On the 10th day of January, 1956, Harris furnished McCann a statement showing that he had advanced to McCann $83,952.43, and that McCann was entitled to credits for $65,565.74, leaving a balance owed by McCann to Harris of $18,386.69. Two days later, on January 12th, additional charges and credits were made that grew out of the 1955 operation of the place, and on that day Harris furnished McCann a statement showing there was a balance of $11,635.04 owed by McCann from 1955 (this amount was carried forward into the 1956 account). The statement for 1955 included an item dated January 9th, as follows: “Interest on furnish account, $2,677.40.” On the face of this statement is written, in longhand, “This settlement is hereby accepted as a true and final settlement of account. Signed E. E. Harris A. I. McCann.” In addition, Harris had received and credited to the debt on the land $14,000 principal and about the same amount as interest.

Mr. John A. Moye, Jr., is vice-president of Helena National Bank and has computed all types of interest over a period of 17 years. He testified that the interest charged by Harris to McCann on the “furnish” account for the year 1955 exceeded 10% per annum by $525.05. The parties had contracted for an interest charge of 6%. All of the charges and credits are taken from the books of appellant Harris. The computation of interest made by Mr. Moye is based on the records of Mr. Harris, and it appears from a preponderance of the evidence that more than 10% interest was charged for the year 1955.

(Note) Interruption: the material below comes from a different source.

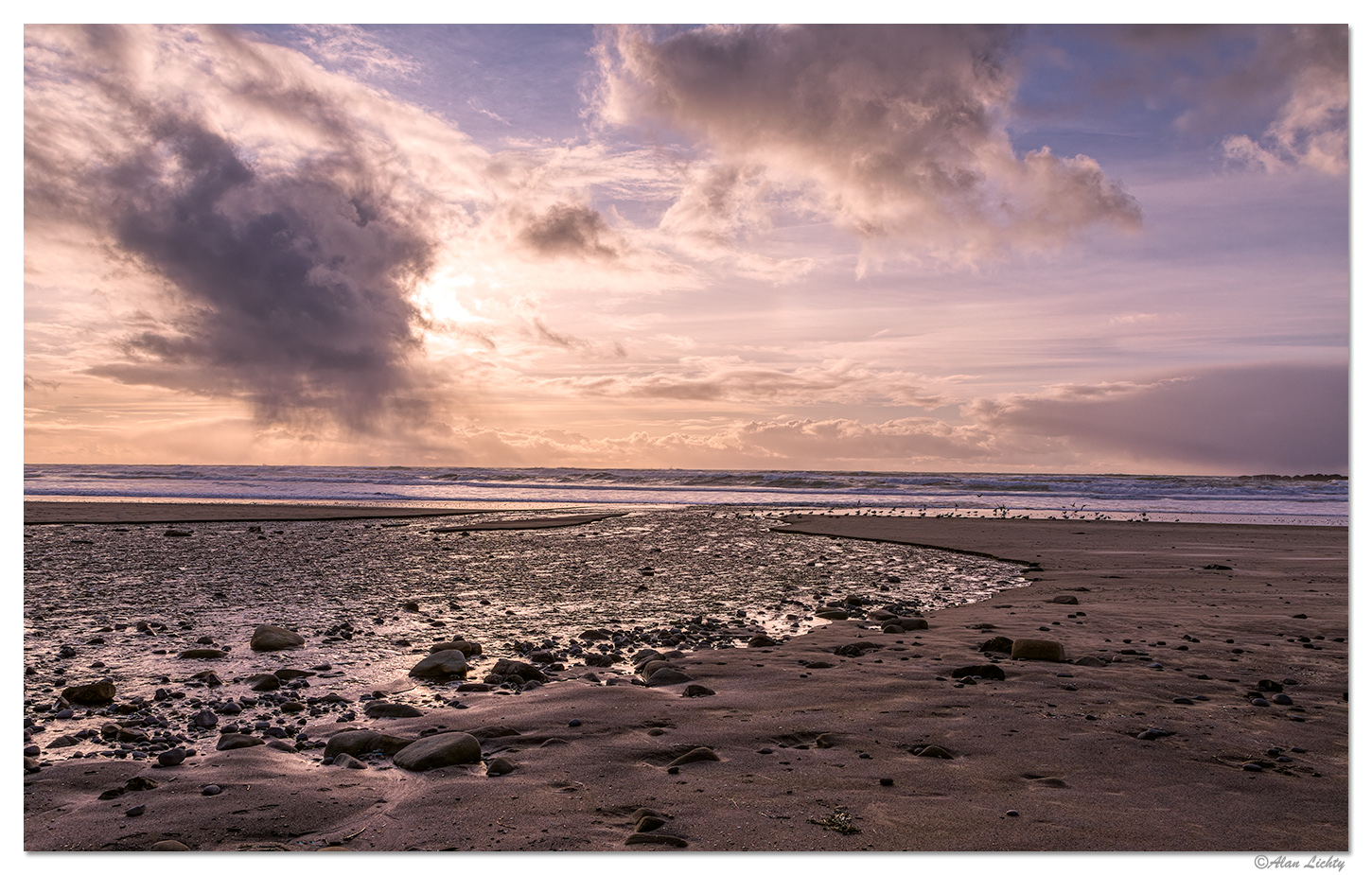 Evening Light at the Beach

McCann contends that with the exception of two comparatively small checks for wheat and oats which he turned over to Harris, all the receipts for the crops produced were paid to Harris by the purchasers of such crops, and therefore such receipts cannot be considered as voluntary payments on his indebtedness to Harris. But McCann accepted the statement of January 12th as a “true and final settlement of account”. If he did not actually authorize the application to the ‘ ‘ furnish” account of the funds received by Harris from the crops, he certainly ratified such application, which is the same as having authorized it in the first instance.

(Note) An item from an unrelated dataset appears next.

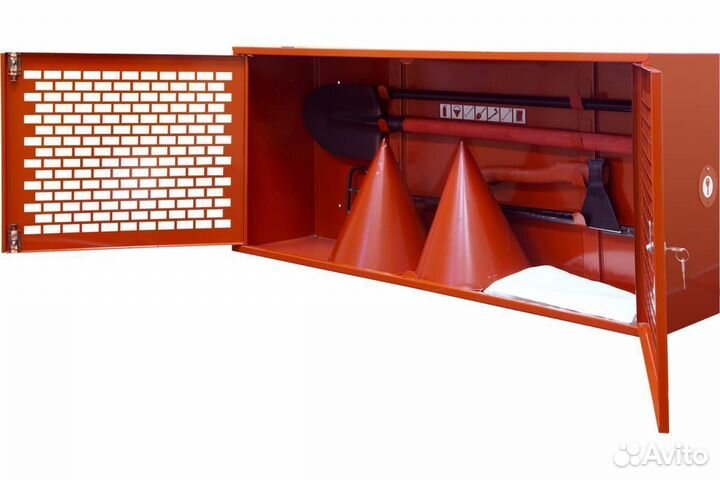 Щит пожарный комплектный щпз-ск престиж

But the situation is different for the year 1956. In that year Harris furnished to McCann $45,159.49, which includes the $11,635.04 carry-over from 1955. McCann owed Harris two separate accounts, one for the “furnish” and one for the land. Harris had received $40,-949.48 from the sale of crops produced on the property in 1956, but none of this money had been applied to any particular account. It had been held by Harris as unallocated. It had not been applied to either the land or the “furnish” account. Furthermore, the parties had reached no agreement as to the allocation of the receipts. Sometime during the latter part of October (the exact date is not shown on Harris’ statement) he charged McCann with a “carrying charge” of $2,290.65. According to Mr. Moye, the expert on computing interest, this carrying charge exceeds 10% per annum on the money loaned to McCann by Harris during 1956. The chancellor held that snch carrying charge was usurious and therefore Harris had forfeited the money loaned to McCann in 1956 and the interest thereon.

On the question of usury Harris contends that the carrying charge does not exceed 10% ; that whatever money he received from McCann was paid voluntarily; that the transaction is not usurious because there was no agreement between the parties for the charge of interest at a rate of more than 10% per annum. In the first place, the dates of advances of money to McCann and the amounts thereof are all shown on Harris’ books, as well as the interest charged, which is designated “carrying charge”. The preponderance of the evidence shows that the “carrying charge” amounts to more than 10% per annum on the amounts advanced. Mr. Harris attempts to explain that items other than interest are included in the “carrying charge”.